# New boy from Portugal



## Kiseki (Nov 27, 2006)

Just wanted to say hi to everyone.

I'm from Portugal and struggling to become a professional makeup artist et all, I'm obsessed with MAC and several other makeup lines and liked the ambiance of these forae.

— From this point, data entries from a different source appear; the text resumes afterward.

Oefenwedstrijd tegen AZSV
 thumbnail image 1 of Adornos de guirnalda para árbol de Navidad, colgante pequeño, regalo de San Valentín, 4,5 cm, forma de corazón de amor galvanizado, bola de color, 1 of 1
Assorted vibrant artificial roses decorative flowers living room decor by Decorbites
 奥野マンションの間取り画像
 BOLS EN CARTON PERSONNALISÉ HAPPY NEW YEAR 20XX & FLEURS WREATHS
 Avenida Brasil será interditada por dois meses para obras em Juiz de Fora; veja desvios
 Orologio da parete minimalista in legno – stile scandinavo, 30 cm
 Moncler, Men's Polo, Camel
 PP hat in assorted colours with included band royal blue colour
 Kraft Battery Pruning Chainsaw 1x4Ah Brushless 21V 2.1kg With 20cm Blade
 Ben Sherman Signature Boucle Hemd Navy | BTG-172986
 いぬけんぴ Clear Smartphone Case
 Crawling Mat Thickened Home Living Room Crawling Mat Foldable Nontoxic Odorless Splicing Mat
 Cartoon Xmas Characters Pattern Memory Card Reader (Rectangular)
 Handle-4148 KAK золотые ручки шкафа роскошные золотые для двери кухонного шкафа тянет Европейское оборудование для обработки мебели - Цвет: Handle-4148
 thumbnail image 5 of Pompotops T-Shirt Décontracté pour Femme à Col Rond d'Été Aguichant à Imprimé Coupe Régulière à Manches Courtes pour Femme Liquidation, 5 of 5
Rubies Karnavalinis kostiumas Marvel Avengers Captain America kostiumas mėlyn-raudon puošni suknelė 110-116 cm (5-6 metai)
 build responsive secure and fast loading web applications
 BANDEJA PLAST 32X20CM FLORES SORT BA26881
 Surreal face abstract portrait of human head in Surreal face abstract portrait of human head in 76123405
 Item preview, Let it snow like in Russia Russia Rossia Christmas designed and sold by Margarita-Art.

Hopefully will learn a lot from you all.


----------



## n_c (Nov 27, 2006)

Welcome


----------



## IcePrincess2250 (Nov 27, 2006)

welcome!


----------



## ExquisiteImages (Nov 27, 2006)

to Specktra!


----------



## hyperRealGurl (Nov 27, 2006)

welcome to specktra


----------



## daisydeadpetals (Nov 27, 2006)

Hi and welcome!!  This is a great place to learn


----------



## juli (Nov 27, 2006)

to Specktra!


----------



## Dawn (Nov 28, 2006)

Welcome to Specktra!


----------



## MAC_Whore (Nov 29, 2006)

Welcome


----------



## Juneplum (Dec 1, 2006)

oh yeah! another mac boy


----------



## caffn8me (Dec 18, 2006)

Hi there!  Belated welcome to Specktra.  Great to see you're already really active here


----------



## tanitabg (Dec 18, 2006)

*hi*

Wellcome  )


----------



## User40 (Dec 18, 2006)

and welcome to Specktra!


----------



## jayme (Dec 19, 2006)

jayme


----------



## anaibb (Dec 11, 2007)

Hi! 
I'm from Portugal too and just joined Spektra! It is trully addictive!
Can you help me out on where can I find any courses on makeup? I live near Lisbon (Cascais) and I'm willing to learn about it!

Thanks for your help!

Ana


----------



## Kiseki (Dec 12, 2007)

Hi Ana,

Off the top of my head, the two places that come to mind to learn about makeup are:

Vazarte (it's located in Lisbon near Príncipe Real) and Atelier Antónia Rosa. Hope this helps.


----------



## Ms. Z (Dec 12, 2007)

Welcome!​


----------



## gardersee (Oct 8, 2008)

Cheers


----------



## Kayteuk (Oct 9, 2008)

Welcome and I hope you enjoy it here!  <3 mac boys <3


----------